Par le bureau de rédaction
28 février 2000

Le World Socialist Web Site dénonce la campagne des fondamentalistes hindous en Inde visant à stopper la production du dernier film de Metha Deepa, L'eau. Le WSWS fait appel à tous les réalisateurs, artistes, intellectuels et travailleurs du monde pour qu'ils prennent fermement position contre cette attaque sur les droits démocratiques.

Metha a été forcée de suspendre la production de L'eau suite à une campagne soutenue d'attaques violentes, de provocations bureaucratiques et de menaces physiques contre les comédiens et l'équipe de tournage du film par une coalition d'extrémistes hindous associé au Bharatija Janatha Party (BJP).

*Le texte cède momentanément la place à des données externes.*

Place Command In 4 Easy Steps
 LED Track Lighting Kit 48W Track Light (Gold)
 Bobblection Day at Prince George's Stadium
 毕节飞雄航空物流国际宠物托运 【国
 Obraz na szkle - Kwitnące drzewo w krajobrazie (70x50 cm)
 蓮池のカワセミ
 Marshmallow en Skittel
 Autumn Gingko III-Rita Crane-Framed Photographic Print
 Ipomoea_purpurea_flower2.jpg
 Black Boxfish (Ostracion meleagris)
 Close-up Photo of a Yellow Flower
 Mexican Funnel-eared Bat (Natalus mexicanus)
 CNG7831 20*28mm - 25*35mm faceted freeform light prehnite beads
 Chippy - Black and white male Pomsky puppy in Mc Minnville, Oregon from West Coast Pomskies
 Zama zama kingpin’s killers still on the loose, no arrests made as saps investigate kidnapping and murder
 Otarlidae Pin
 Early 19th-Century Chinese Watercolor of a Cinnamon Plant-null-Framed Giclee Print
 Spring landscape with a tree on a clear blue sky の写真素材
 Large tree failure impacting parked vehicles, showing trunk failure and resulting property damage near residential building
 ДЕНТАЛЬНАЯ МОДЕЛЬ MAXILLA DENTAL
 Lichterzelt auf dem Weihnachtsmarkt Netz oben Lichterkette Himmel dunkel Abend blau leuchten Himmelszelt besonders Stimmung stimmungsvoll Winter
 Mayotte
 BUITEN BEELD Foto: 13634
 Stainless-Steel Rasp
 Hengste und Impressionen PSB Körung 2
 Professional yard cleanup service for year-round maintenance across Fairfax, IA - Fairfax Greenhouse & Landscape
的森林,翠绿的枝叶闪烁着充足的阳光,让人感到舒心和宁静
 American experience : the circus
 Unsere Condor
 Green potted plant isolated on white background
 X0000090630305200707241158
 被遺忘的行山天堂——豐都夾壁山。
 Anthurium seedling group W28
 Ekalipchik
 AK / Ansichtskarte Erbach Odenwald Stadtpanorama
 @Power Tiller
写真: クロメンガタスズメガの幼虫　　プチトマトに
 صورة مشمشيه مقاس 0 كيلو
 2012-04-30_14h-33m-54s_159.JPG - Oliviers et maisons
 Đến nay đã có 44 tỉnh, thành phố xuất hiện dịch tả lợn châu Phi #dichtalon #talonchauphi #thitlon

Le BJP est le principal parti de la coalition gouvernementale et détient le pouvoir dans plusieurs provinces de l'Inde.

Le tournage du film, L'eau, dont le scénario se déroule dans les années trente et qui relate les souffrances de veuves frappées par la pauvreté dans un temple hindou, devait commencer le 30 janvier dernier à Varanasi, dans l'État d'Uttar Pradesh. Ce même jour, une émeute provoquée par des extrémistes hindous, dirigée par les politiciens locaux du BJP, a détruit le plateau de tournage, causant pour $650 000 de dommage. Ils prétendaient que le film dénigrait la veuve hindoue et faisait partie d'un complot chrétien contre l'hindouisme.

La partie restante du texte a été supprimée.